The Webster is making a leap out of its home state of Florida and will open a store at the Houston Galleria this fall.
The 5,000-square-foot unit will carry 70 percent women’s wear and 30 percent men’s wear and will offer the company’s highly curated assortment of luxury and up-and-coming designer apparel brands, accessories and footwear from Alexander Wang, Aurélie Bidermann, Chloé, Eddie Borgo, Givenchy, Proenza Schouler, Pierre Hardy, Maison Rabih Kayrouz, Olympia Le-Tan, Rosie Assoulin, Sonia Rykiel, Saint Laurent, Stella McCartney and Valentino.
The store will also feature about 20 collaborations exclusive to the Houston unit from Aurélie Bidermann, Edie Parker, Gigi Burris, JC Obando, Ines de la Fressange, Linda Farrow, Maison Michel, Nektar, Olympia Le-Tan, Rosie Assoulin and Sonia Rykiel in women’s and Ami, Bamford Watch Department, Hood By Air, Max Snow, Off-White, Raf Simons and The Elder Statesmen in men’s.
“We had some clients come to The Webster during Art Basel and they liked what we do and said they wanted a store there,” said Laure Heriard Dubreuil, chief executive officer and cofounder of the retailer. “I had never been to Houston, but I went and saw there was a market.”
Advantageous lease terms from developer Simon Property Group, which is investing $250 million into upgrading the shopping center, sealed the deal.
Anchored by Neiman Marcus, Saks Fifth Avenue, Nordstrom and Macy’s, the Galleria features about 400 stores in 1.9 million square feet and generates more than $1 billion in annual sales.
The Webster will occupy part of a contemporary glass building under construction on Westheimer Road. The 14,000-square-foot structure, tagged the “jewel box,” will also house a restaurant and connect to the mall.
Heriard Dubreuil said the fact that The Webster could have its own independent space was another reason she opted to open at the Galleria. The company’s flagship in Miami and its unit in Bal Harbour, Fla., were in existing buildings, she said, “but this one I could see coming being built up from the ground up.” It will feature a private car park complete with dedicated valet service.
The store will integrate design elements from The Webster’s two other units with a mint quartzite entryway, “Webster brown” walls and blush wool carpet. Racks will offer a combination of Rosso Levanto marble and antique brass.
Heriard Dubreuil said the decor is intended to feel like a living room with vintage wallpaper, a mix of custom and antique furniture and artwork from Houston native Snow, as well as photography from Ellen von Unwerth and Dennis Hopper. She is also designing some of the furniture for the shop, she said.
“In this era of fast fashion, it’s good to have places where time stops,” she said.
Heriard Dubreuil said the store is expected to have a soft opening at the end of November and a grand opening in either December or January.

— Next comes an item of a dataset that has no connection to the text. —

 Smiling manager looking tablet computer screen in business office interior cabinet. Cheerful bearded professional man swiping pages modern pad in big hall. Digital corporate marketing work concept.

Although she acknowledged that the next logical step for the expansion of The Webster would have been New York City or Los Angeles, she opted instead for Houston because it’s “not too far from Miami” and she can spend time there making sure everything is running up to her standards.
“I had never been to Miami either,” she said. “And everyone told me it was for old people. But I like to take risks and I know I’ll have the clientele in Houston.”

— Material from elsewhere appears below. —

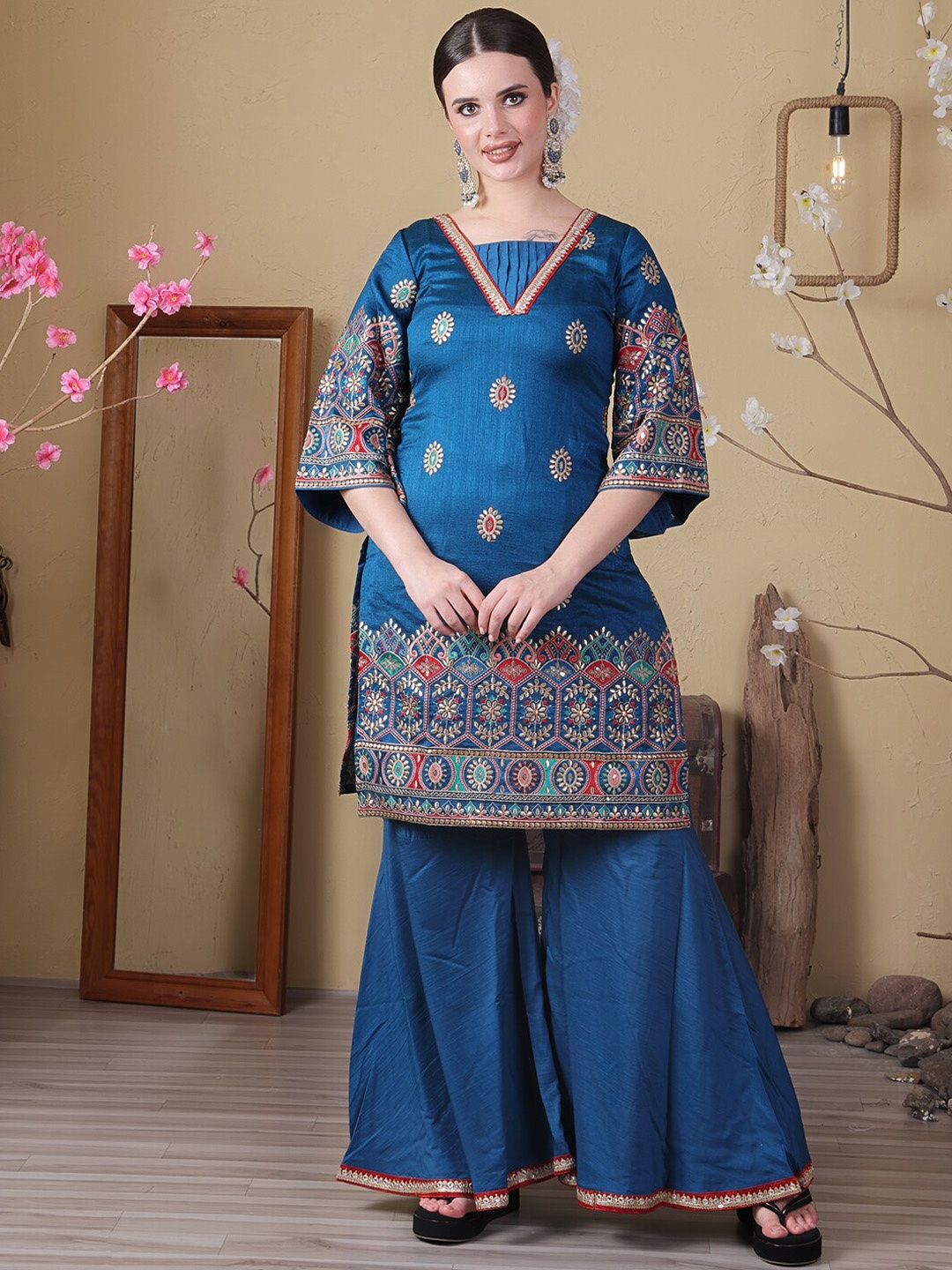 Ethnovog Ethnic Motifs Embroidered Sequinned Straight Kurta with Sharara & Dupatta, Blue
Ethnovog Ethnic Motifs Embroidered Sequinned Straight Kurta with Sharara & Dupatta, Blue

She said she recently started staffing up the business, bringing on a director of stores and a managing director as well as an internal head of communications as the company looks to expand further in the future.
“I have a strong team now,” she said, adding that she expects New York to be the site of the next Webster unit. “My husband is from California, though, and can’t stand the New York winters, so he’s already telling people I’m going to open in Los Angeles,” she said with a laugh.

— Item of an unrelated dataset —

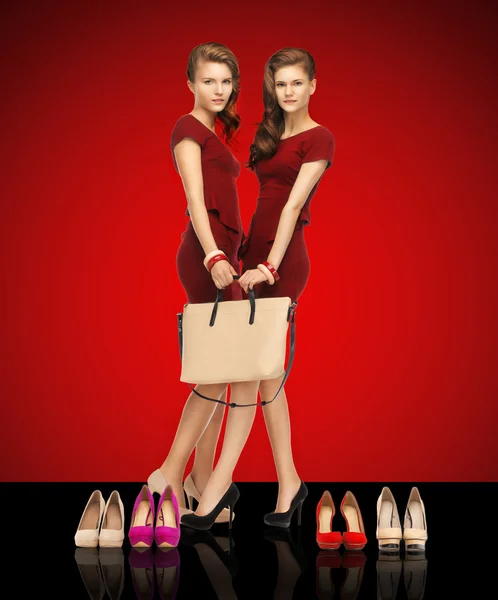 Two teenage girls in red dresses with bag — Stock Photo, Image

She said she is also exploring possible openings in Europe and has been contacted by potential financial partners willing to help fund the expansion.
But for now, it’s being paid for internally.
“Our stores are super successful,” she said, noting that sales have increased fivefold in the past four years. This is spurred by a 50 percent sales gain in the Miami flagship, a 25 percent increase in Bal Harbour and a 25 percent gain from the company’s store on Farfetch.com. Profits in that same period have doubled, she added, noting that she expects to launch her own e-commerce site next year.
“So we are making some money for our next adventure,” she said.